SB2017072701 - Multiple vulnerabilities in VMware vCenter Server and Tools
Published: August 1, 2017
Breakdown by Severity
- Low
- Medium
- High
- Critical
Description
This security bulletin contains information about 4 secuirty vulnerabilities.
1) Race condition (CVE-ID: CVE-2015-5191)
The vulnerability allows a local attacker to gain elevated privileges.
The vulnerability exists due to a race condition in the libDeployPkg component. A local attacker can use the hard-coded paths under /tm, trigger race condition and gain root privileges on the system.
2) Information disclosure (CVE-ID: CVE-2017-4922)
The vulnerability allows a remote attacker to obtain potentially sensitive information.
The vulnerability exists due to improper storing of sensitive information by the service startup script. A remote attacker can trigger the service startup script restart and access important data that may be used to conduct further attack.
Successful exploitation of the vulnerability results in information disclosure.
3) Information disclosure (CVE-ID: CVE-2017-4923)
The vulnerability allows a remote attacker to obtain potentially sensitive information.
The vulnerability exists due to improper security restrictions that are set on the vCenter Server Appliance file-based backup feature. A remote attacker can use the file-based backup feature to access important data, such as plaintext credentials, that may be used to conduct further attack.
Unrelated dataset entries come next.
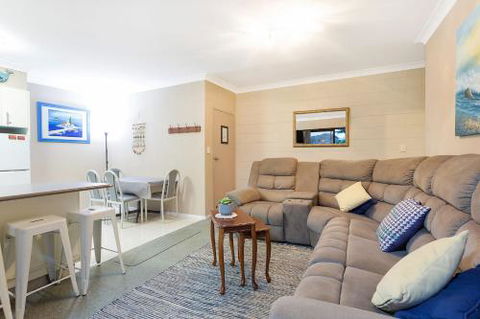 Apollo Unit 7 - Tourism Gold Coast 1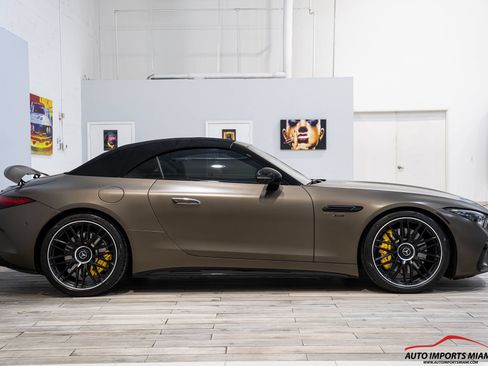 Used 2022 Mercedes-Benz SL 55 AMG 4MATIC image 26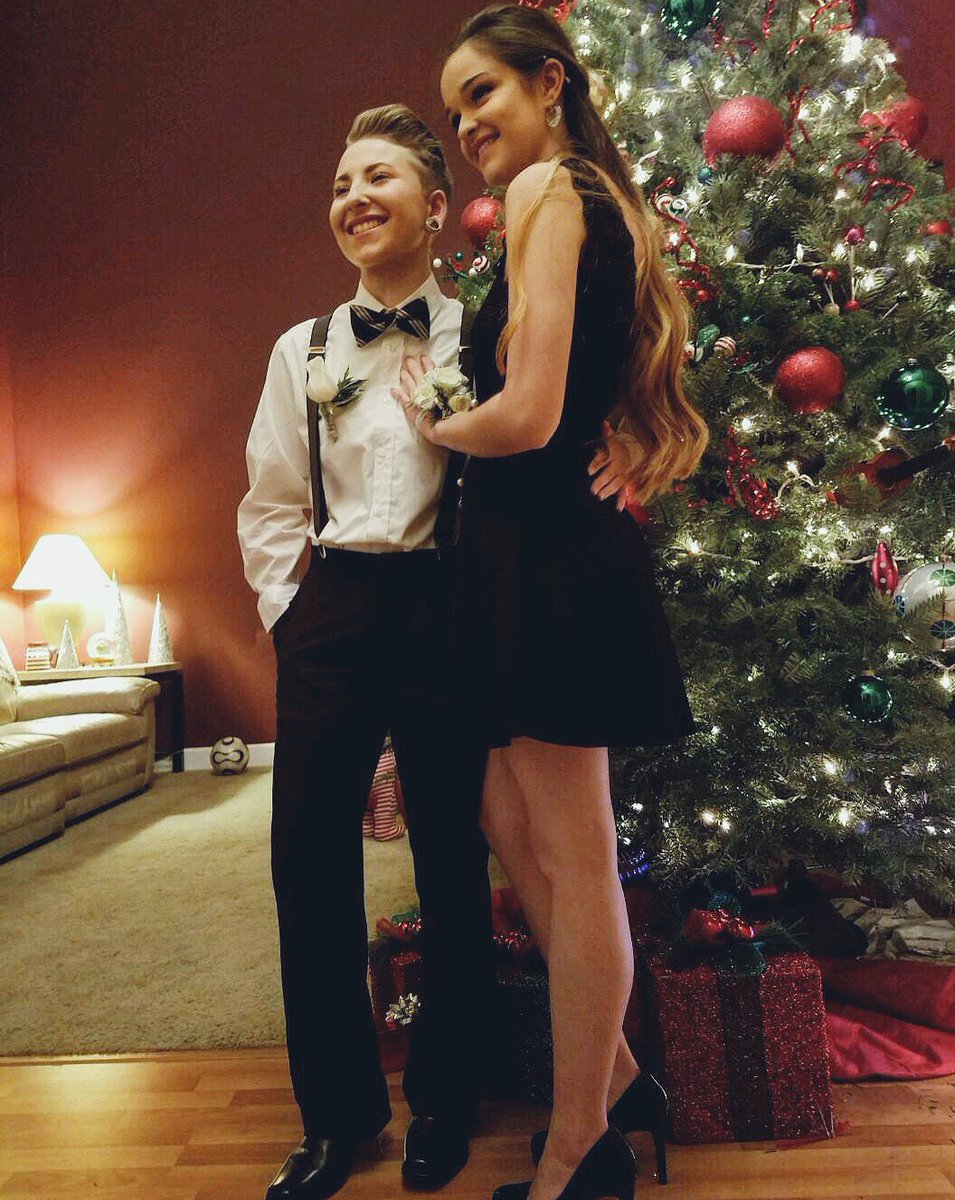 olivia_duke_x's tweet photo. Happy Holliday's π²β€οΈ
#winterformal2016 #dance #cute #love #funtimes #fancy https://t.co/lKLTYQme5n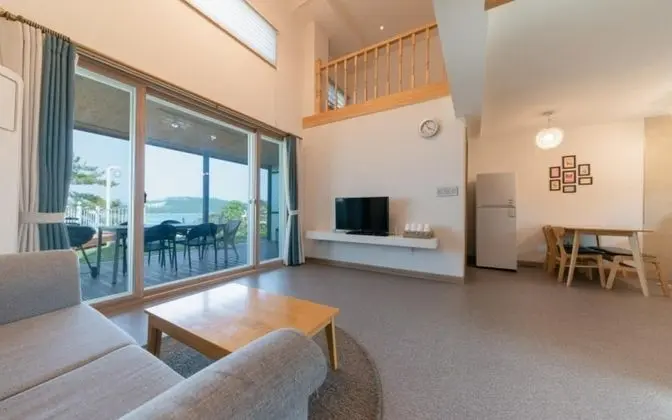 Oda (Room 201 (Ocean View Duplex))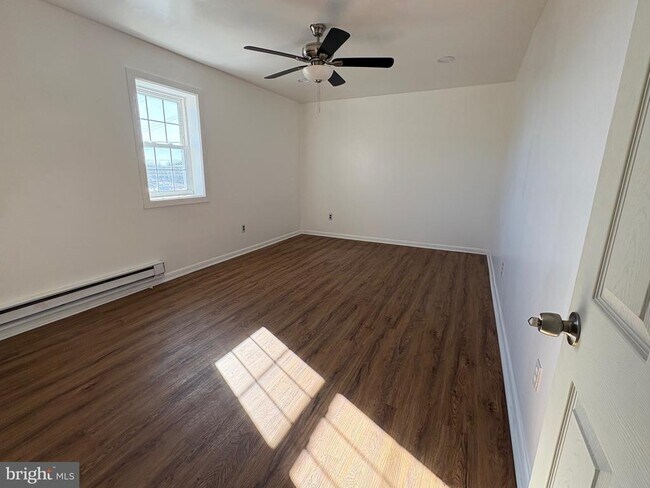 Foto del edificio - 2715 Hammonds Ferry Rd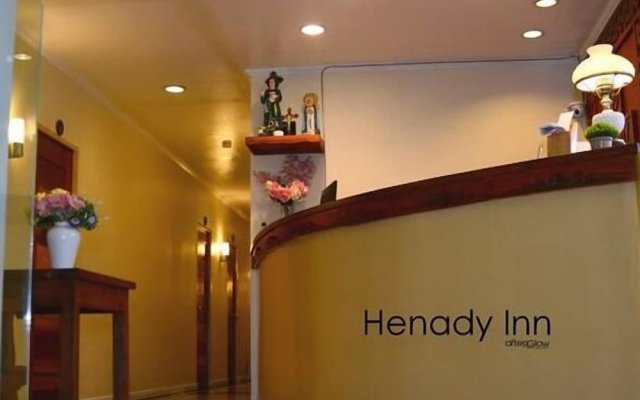 Henady Inn Annex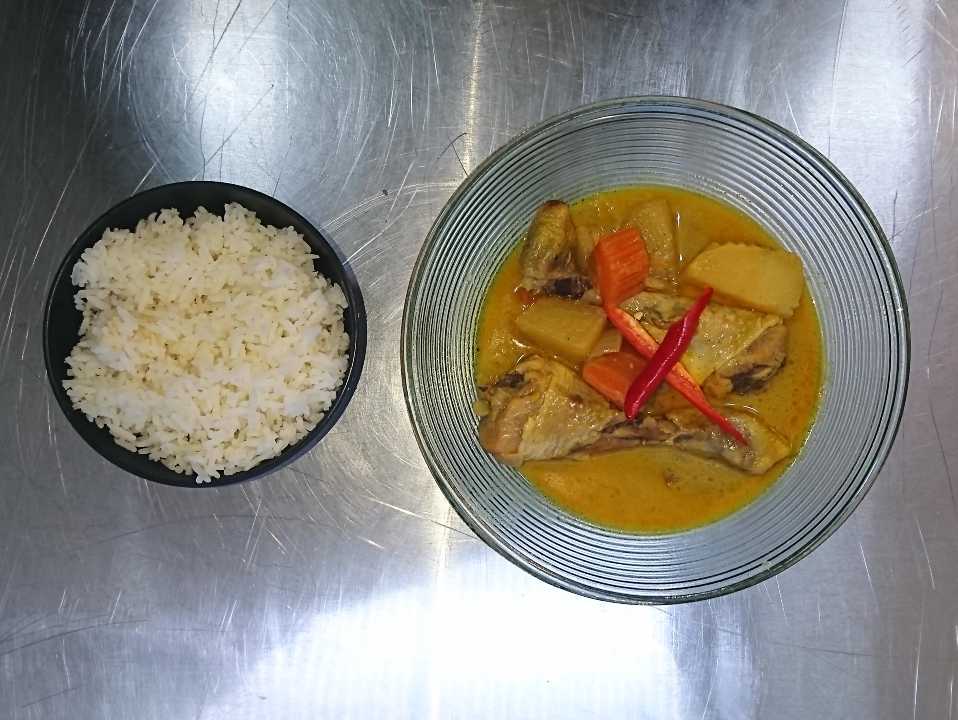Massaman Karry Massaman Karry er tilberedt med KOKOSMÆLK OG KYLLING, tilbehør er ris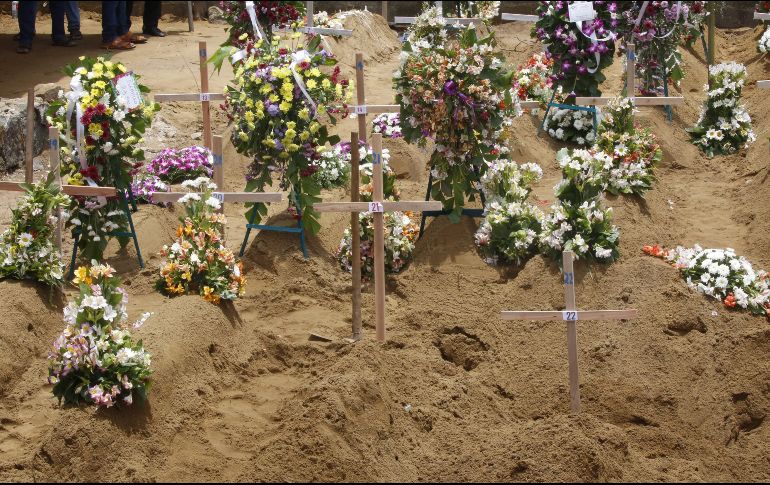 Montículos de tierra tras el entierro de algunas de las víctimas de los atentados en el cementerio Don David Katuwapitiya, este martes, durante el funeral múltiple celebrado en Colombo, Sri Lanka.  EFE/M. Pushpa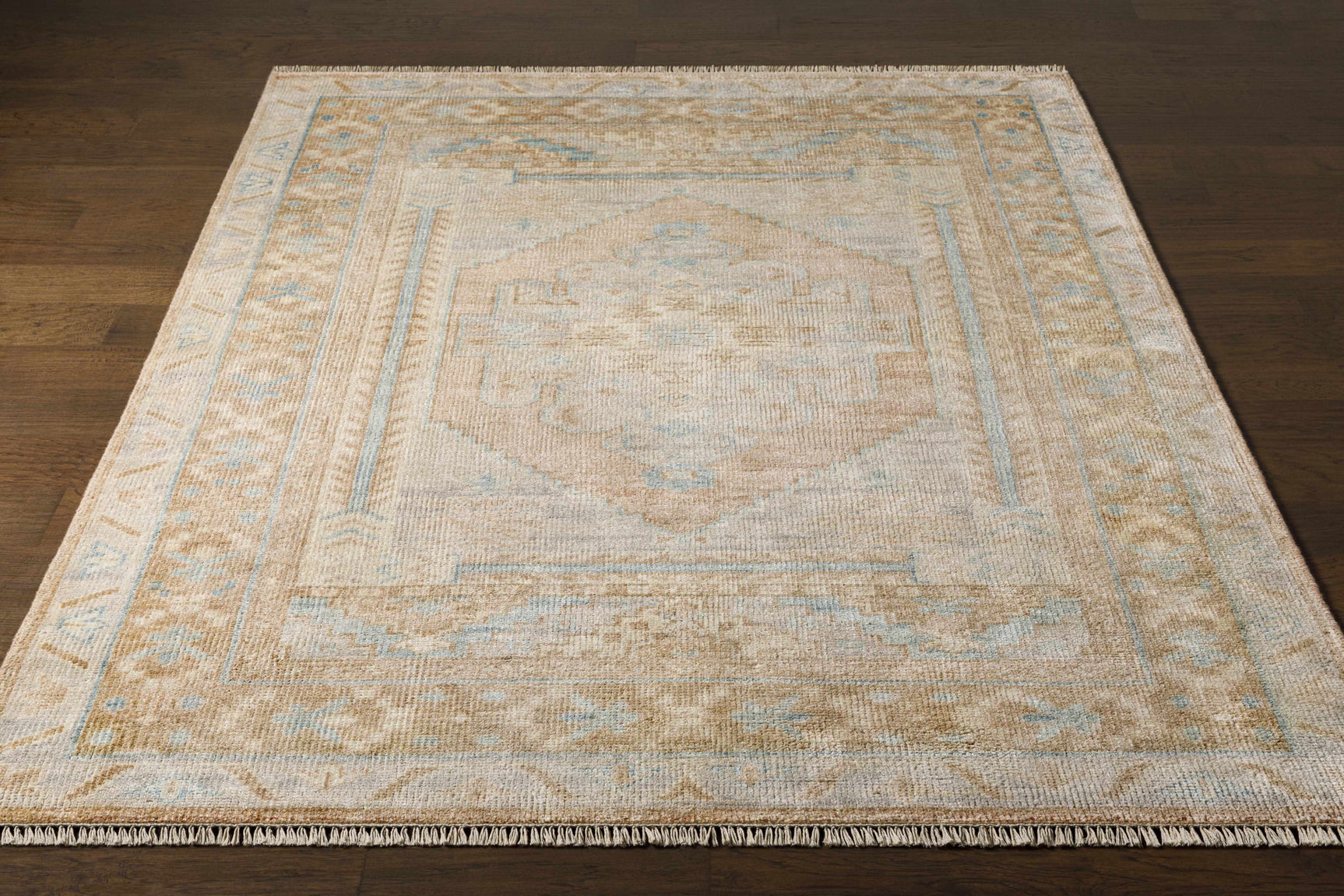 Aliang Premium Rug - Clearance - Ornate Home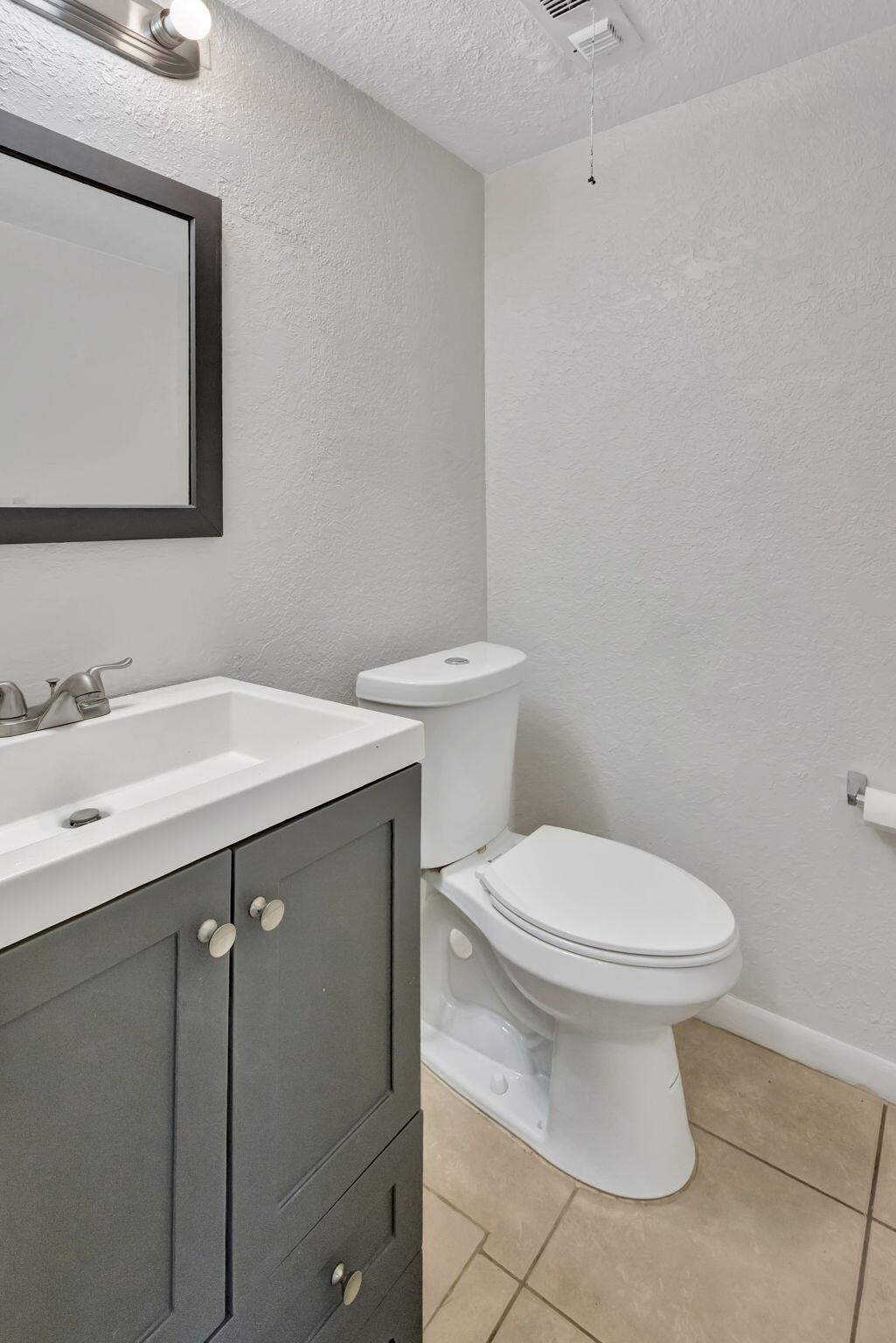 ISLAND HOUSE CONDOMINIUM - Residential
Successful exploitation of the vulnerability results in information disclosure.
4) Insecure DLL library loading (CVE-ID: CVE-2017-4921)
The vulnerability allows a remote attacker to gain elevated privileges.
The vulnerability exists due to insecure library loading flaw in the LD_LIBRARY_PATH variable. A remote attacker can trick the victim into execution of wrapper scripts from a world writable directory and gain elevated privileges.
Successful exploitation of the vulnerability may result in system compromise.
Remediation
Install update from vendor's website.